Prae Wood

 

Location: just west of St Albans, Hertfordshire

OS map reference:  TL 123 068

Celtic name: probably Verlamion

Source: Ravenna Cosmography (96) - Virolanium

            Ptolemy - Urolanium

            Antonine Itinerary – (Iter II)  Verolamio

                                             (Iter VI) Verolami

                                          (Iter VIII) Verolamo 

            Coin inscription - Verlamio

The earthworks in Prae Wood are generally considered to define a late Belgic oppidum. The ditches of the oppidum form a somewhat complex pattern but define a generally rectangular space extending SW-NE. The northwestern boundary appears to straddle the 130 metre contour, while that on the southeast side is around the 125 metre contour. The oppidum appears, therefore, to stand on the slope of the hill, near the top of the hill but not actually extending up to the highest point.

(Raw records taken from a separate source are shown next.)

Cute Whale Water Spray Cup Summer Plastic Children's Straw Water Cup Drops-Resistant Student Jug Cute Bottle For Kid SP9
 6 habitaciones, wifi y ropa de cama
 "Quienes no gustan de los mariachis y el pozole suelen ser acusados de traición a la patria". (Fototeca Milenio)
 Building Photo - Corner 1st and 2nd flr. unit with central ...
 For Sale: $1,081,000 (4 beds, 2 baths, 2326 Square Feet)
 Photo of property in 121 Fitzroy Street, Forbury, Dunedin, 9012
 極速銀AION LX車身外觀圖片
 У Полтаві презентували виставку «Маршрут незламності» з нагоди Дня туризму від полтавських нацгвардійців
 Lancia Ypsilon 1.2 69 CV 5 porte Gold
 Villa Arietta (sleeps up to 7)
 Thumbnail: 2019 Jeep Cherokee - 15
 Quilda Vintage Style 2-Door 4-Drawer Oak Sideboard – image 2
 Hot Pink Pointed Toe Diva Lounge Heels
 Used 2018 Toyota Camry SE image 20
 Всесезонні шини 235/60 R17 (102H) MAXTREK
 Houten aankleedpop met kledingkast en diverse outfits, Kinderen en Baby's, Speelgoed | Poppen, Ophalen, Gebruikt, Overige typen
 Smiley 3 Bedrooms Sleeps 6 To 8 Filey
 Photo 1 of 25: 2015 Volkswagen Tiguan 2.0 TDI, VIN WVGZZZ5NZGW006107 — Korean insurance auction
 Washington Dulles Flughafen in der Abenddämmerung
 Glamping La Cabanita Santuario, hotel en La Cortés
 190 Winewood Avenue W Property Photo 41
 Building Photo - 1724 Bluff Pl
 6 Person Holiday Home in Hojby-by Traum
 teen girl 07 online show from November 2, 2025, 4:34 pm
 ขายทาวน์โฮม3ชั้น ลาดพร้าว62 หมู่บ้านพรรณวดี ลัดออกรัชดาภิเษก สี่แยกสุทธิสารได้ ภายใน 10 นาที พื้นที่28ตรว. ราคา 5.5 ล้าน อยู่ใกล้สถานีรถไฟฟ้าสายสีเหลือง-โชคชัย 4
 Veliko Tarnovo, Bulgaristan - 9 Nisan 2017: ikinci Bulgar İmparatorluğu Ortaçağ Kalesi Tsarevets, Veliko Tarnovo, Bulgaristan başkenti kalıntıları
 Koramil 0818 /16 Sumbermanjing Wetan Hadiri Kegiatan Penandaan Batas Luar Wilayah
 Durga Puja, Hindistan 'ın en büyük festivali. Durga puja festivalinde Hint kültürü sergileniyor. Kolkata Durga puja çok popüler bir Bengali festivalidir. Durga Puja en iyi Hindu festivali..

The name Verlamion is a compound in three hill-letters, so the name will have been coined before the Romans ever set foot in that part of the country. The Ver element means “side of hill, slope” and is thus entirely appropriate for the site. The earliest hill-letter in the name will be m, and this was most probably applied at a time when old-style names were being coined, as in the Cam of Camuloduno (at Colchester). The hill-letter l in Verlamion will be used in an inversion-type manner and indicates that the site was settled by the Trinovantes, albeit later than Colchester since the l in Camuloduno is used in the old-style manner. Since the Catuvellauni used the hill-letter n2 there is no indication in the name Verlamion that the site was actually settled by the Catuvellauni. Presumably the r-people living around Prae Wood and nearby Dunstable (Durocobrivis in the Roman period) were simply absorbed into the Catuvellaunian kingdom, the centre of which was apparently at Wheathampstead prior to Caesar’s invasion in 54BC. Nonetheless it would appear that the Catuvellauni moved the inhabitants of Verlamion into a new settlement on the lower slopes of the hill and that they selected that settlement as their new base on abandoning Wheathampstead after Caesar's invasion. It was this Catuvellaunian Verlamion which was later romanised to become Romano-British Verolamium. But note that whilst the site in Prae Wood may have become an oppidum, at an earlier date, when the hill-letter m was applied, and perhaps even later when it was taken over by the Trinovantes, it was probably just a hillfort, most likely at the northeastern end of the site, where the pattern formed by the ditches is somewhat confusing.